- INSTRUCTIONS FOR THE TASK -
Exactly as written, copy every line from the one containing "Thumbnail for caption_Model" through the end of the records, with the pictures left out.

[Dataset entries]
────────────────

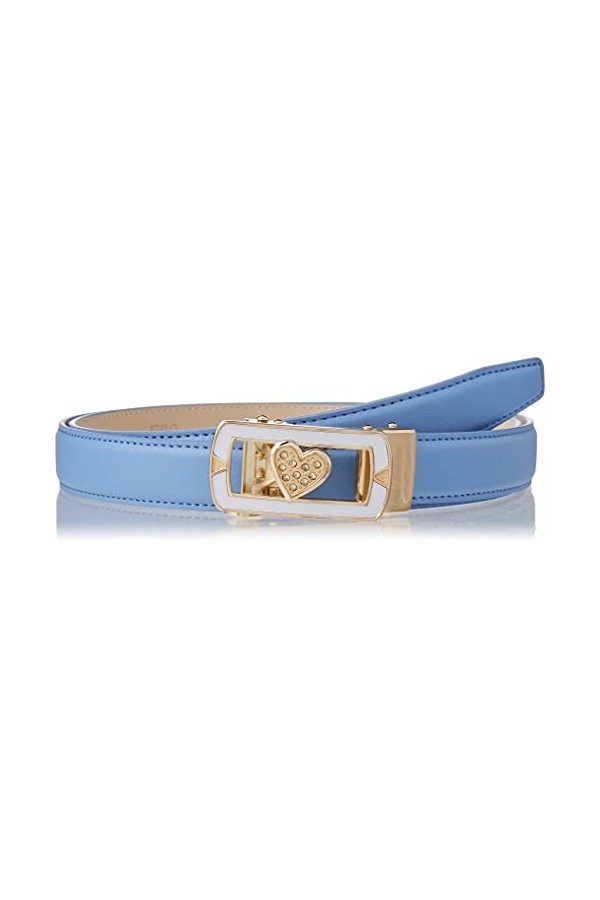 Anthoni Crown Ledergürtel Ceinture, Bleu Ciel, 85 cm Femme
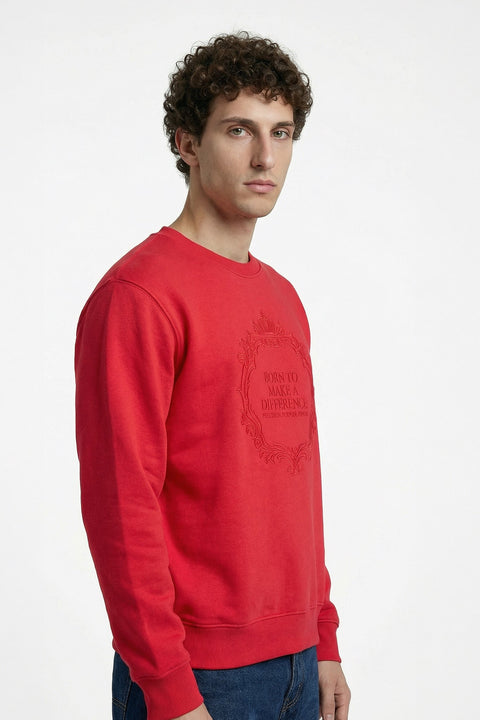 RED CREW NECK PULLOVER SWEATSHIRT - Sweatshirt - 250960237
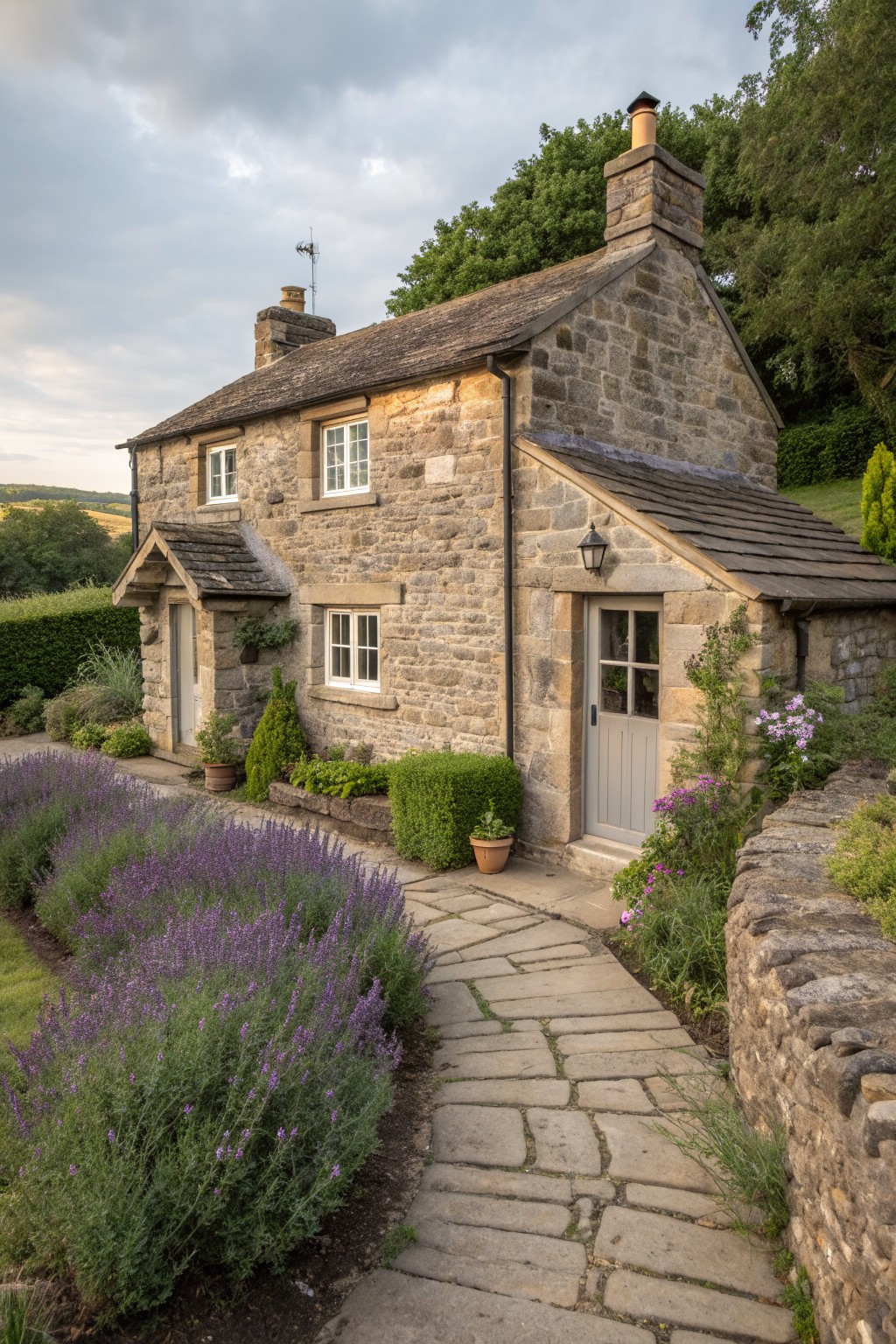 A two-story stone cottage with a slate roof, multiple windows, a gray front door, and a stone pathway bordered by lavender and shrubs.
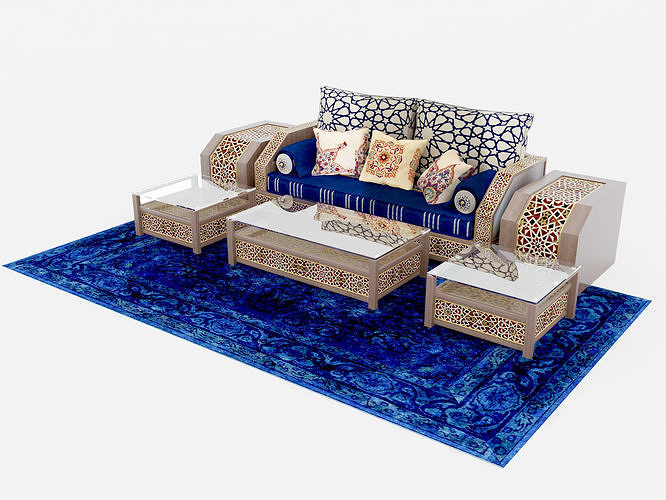 Moroccan Sofa with Tables and Carpet 02 3D model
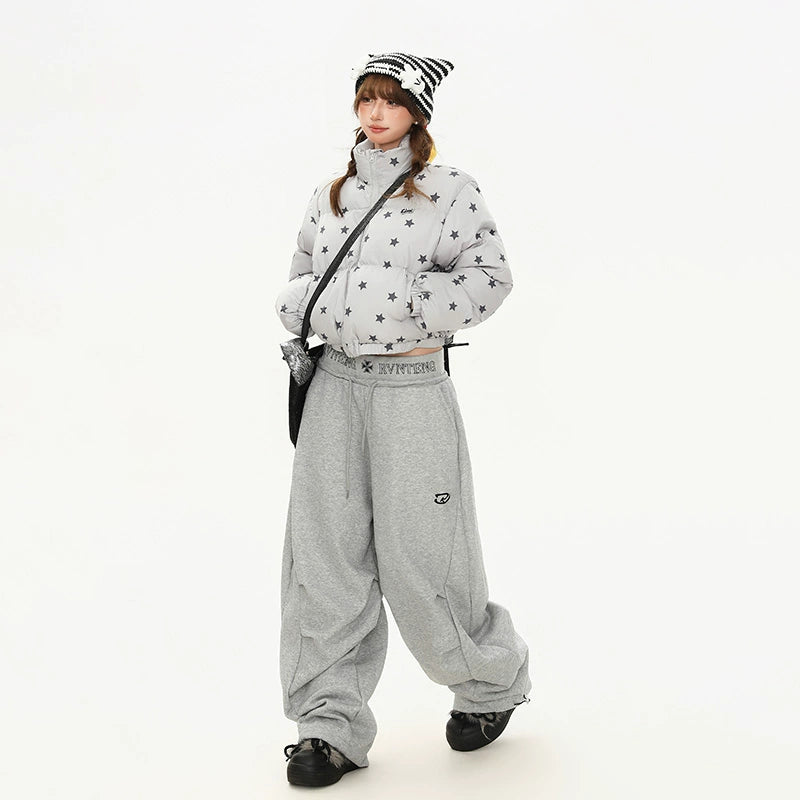 スタープリントスタンドカラーダウンジャケット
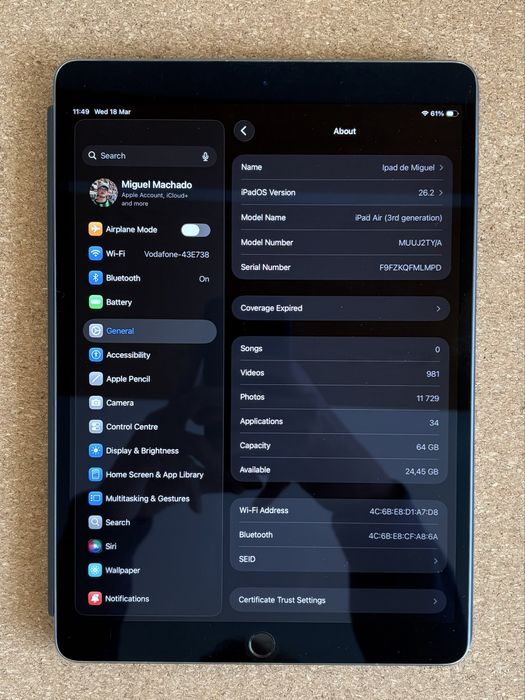 Ipad Air 3 geração (2019)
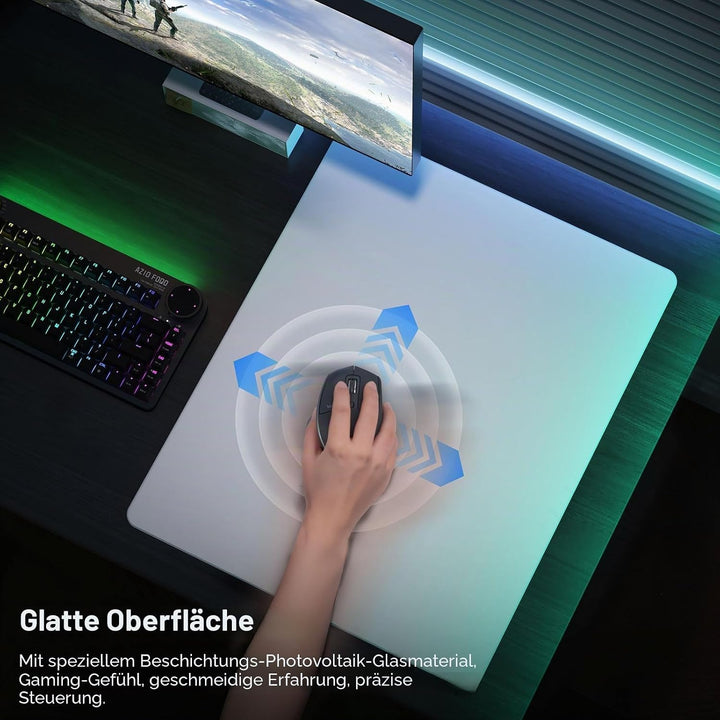DAWNTREES Glas-Gaming-Mauspad, genaue und schnelle Mausverfolgung, kompatibel mit verschiedenen Maus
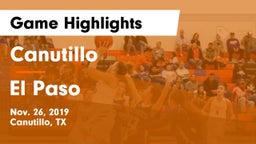 Canutillo  vs El Paso  Game Highlights - Nov. 26, 2019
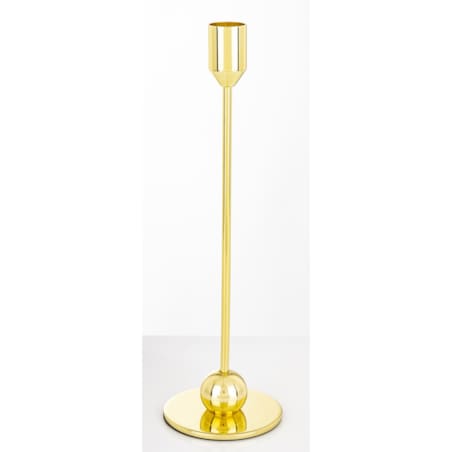Świecznik metalowy złoty 26x8 x8 cm SOTILLE z 1 kulką u podstawy
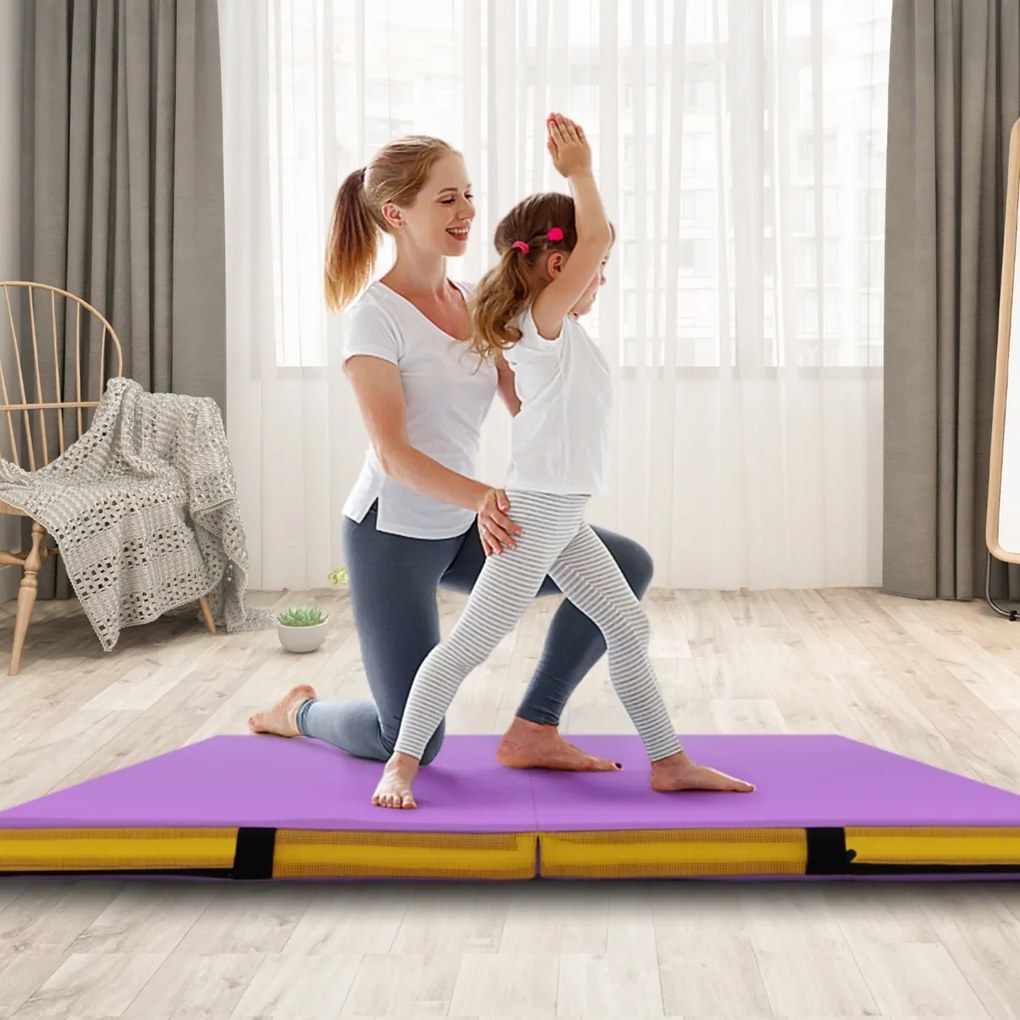 Colchão de ginástica dobrável 122 cm x 122 cm x 10 cm com capa de couro artificial e alças de transporte roxo
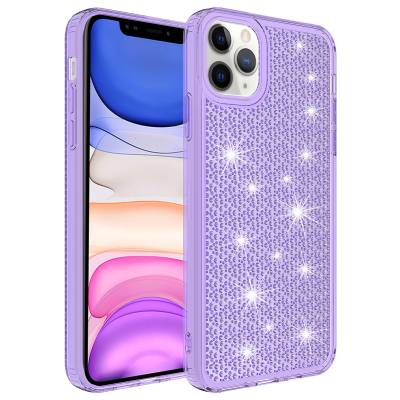 Apple iPhone 11 Pro Case With Airbag Shiny Design Zore Snow Cover Purple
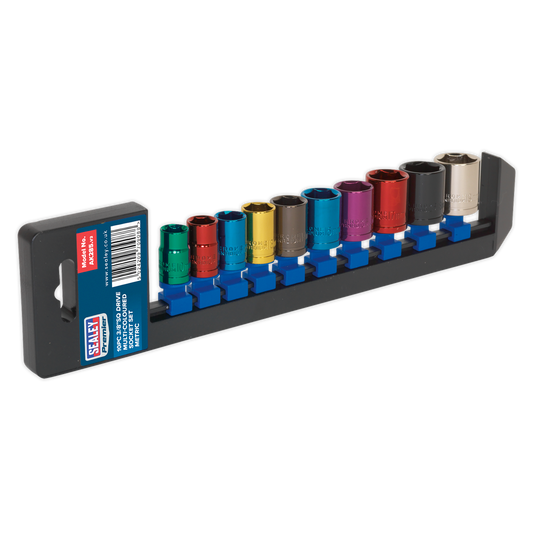 10pc 3/8"Sq Drive Multi-Coloured Socket Set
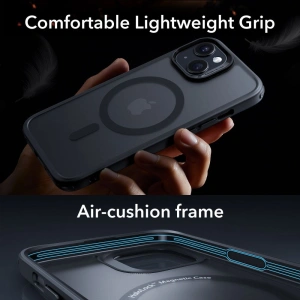 Case-Set + Bildschirmglas + Objektivschutz ESR Classic Pro Set Halolock MagSafe Apple iPhone 15 Frosted Black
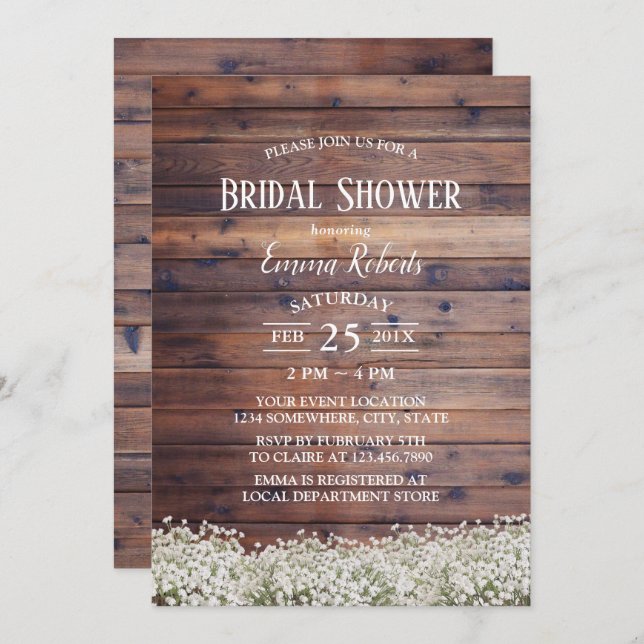 Rustic Baby's Breath Floral Barn Bridal Shower Invitation (Front/Back)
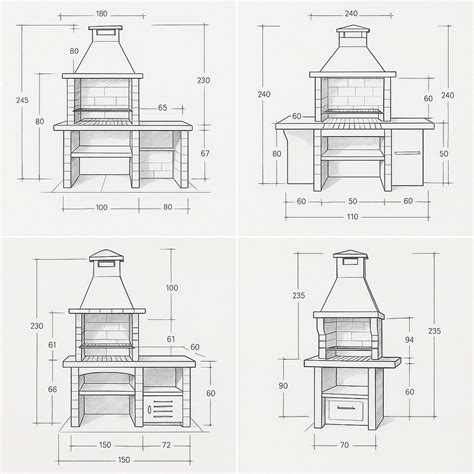 Boceto de barbacoa con medidas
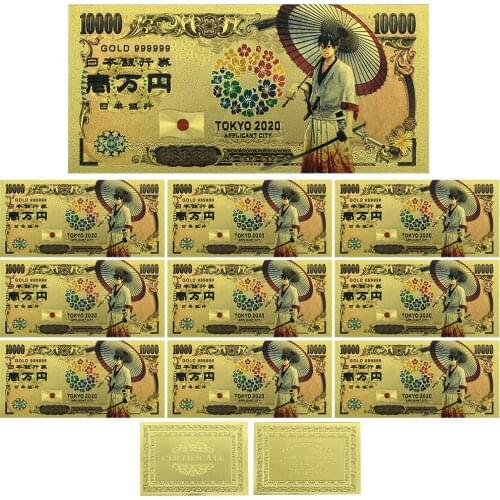 Tokyo World Flags Japan Card Japan Gold Banknote Souvenir Gold Plastic Cards for Collection Drop Shippong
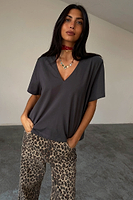 Thumbnail for caption_Model wears Grey T Shirt  in size M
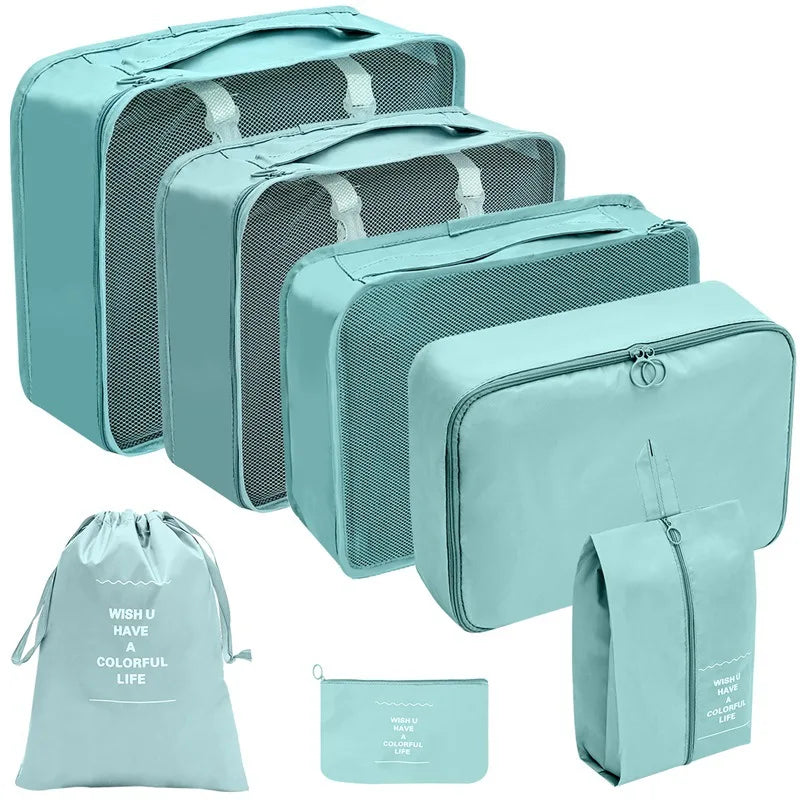 7/8/9/10 pièces ensemble organisateur de voyage sacs de rangement valise emballage Cubes ensemble étuis Portable bagages vêtements chaussure bien rangé pochette pliante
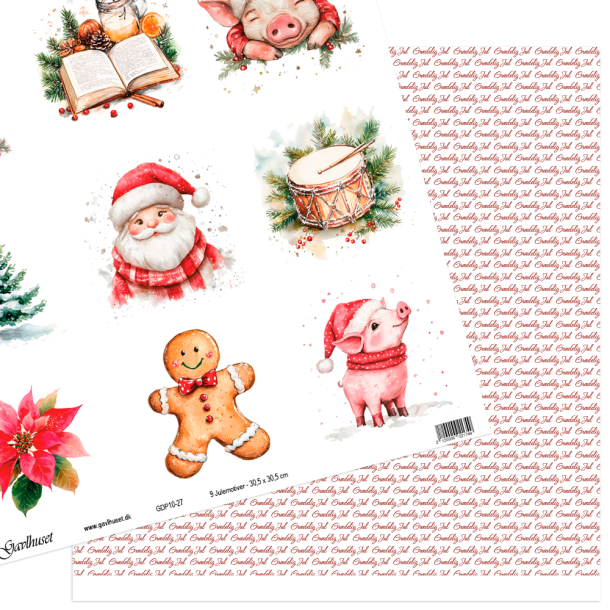 Gavlhusets Design - Papir - 9 Julemotiver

────────────────

- EXERCISE RESULT -
 Thumbnail for caption_Model wears Grey T Shirt  in size M
 7/8/9/10 pièces ensemble organisateur de voyage sacs de rangement valise emballage Cubes ensemble étuis Portable bagages vêtements chaussure bien rangé pochette pliante
 Gavlhusets Design - Papir - 9 Julemotiver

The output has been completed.